Des opérations de limitation des goélands non sélectives
Dernière mise à jour le 6 avril 2005
Le Goéland brun interfère bien moins que le Goéland argenté avec les activités humaines, mais il peut exercer localement une prédation non négligeable sur d'autres espèces (sternes, Océanite tempête). Un problème qui se pose actuellement est la faible spécificité des opérations de limitation des goélands dans les colonies mixtes argenté/brun (stérilisation des œufs en milieu urbain et éradication d'adultes en milieu naturel), avec un impact inévitable sur les Goélands bruns, espèce intégralement protégée. Ce problème est susceptible de s'intensifier, notamment en ville si les Goélands bruns y poursuivent leur implantation, et deviennent majoritaires comme c'est déjà le cas pour certaines colonies urbaines en Grande-Bretagne.

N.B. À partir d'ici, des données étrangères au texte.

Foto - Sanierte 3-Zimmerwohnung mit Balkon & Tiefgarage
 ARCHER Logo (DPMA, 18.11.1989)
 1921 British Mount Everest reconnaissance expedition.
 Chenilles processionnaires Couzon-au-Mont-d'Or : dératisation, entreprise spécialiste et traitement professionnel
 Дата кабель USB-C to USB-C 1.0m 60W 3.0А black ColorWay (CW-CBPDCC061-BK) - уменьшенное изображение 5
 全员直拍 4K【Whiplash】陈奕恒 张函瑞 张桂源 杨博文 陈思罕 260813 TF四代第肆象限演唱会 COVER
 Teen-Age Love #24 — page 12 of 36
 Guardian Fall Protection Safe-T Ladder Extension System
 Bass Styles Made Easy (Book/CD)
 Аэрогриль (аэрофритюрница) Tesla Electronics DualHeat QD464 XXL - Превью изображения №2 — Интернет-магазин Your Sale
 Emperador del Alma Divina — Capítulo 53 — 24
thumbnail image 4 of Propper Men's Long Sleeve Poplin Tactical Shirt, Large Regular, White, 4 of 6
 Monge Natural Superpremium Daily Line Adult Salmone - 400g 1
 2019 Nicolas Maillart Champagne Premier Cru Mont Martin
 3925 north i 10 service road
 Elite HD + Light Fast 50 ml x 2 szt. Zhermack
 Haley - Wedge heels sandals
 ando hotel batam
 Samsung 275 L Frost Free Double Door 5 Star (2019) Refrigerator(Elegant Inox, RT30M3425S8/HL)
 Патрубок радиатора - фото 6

Un problème d'un autre ordre est lié au développement de colonies sur le littoral de Belle-Île (Morbihan), dans des zones de lande rase à bruyère vagabonde (Erica vagans), implantation qui s'accompagne d'une altération progressive de la végétation initiale, remplacée par des plantes nitrophiles. Or, ces landes sont classées d'intérêt communautaire au titre de la directive Habitats. C'est pourquoi une réflexion a été menée sur la pertinence et sur les possibilités de mise en place de mesures d'effarouchement pour dissuader les Goélands bruns de s'installer dans ces milieux.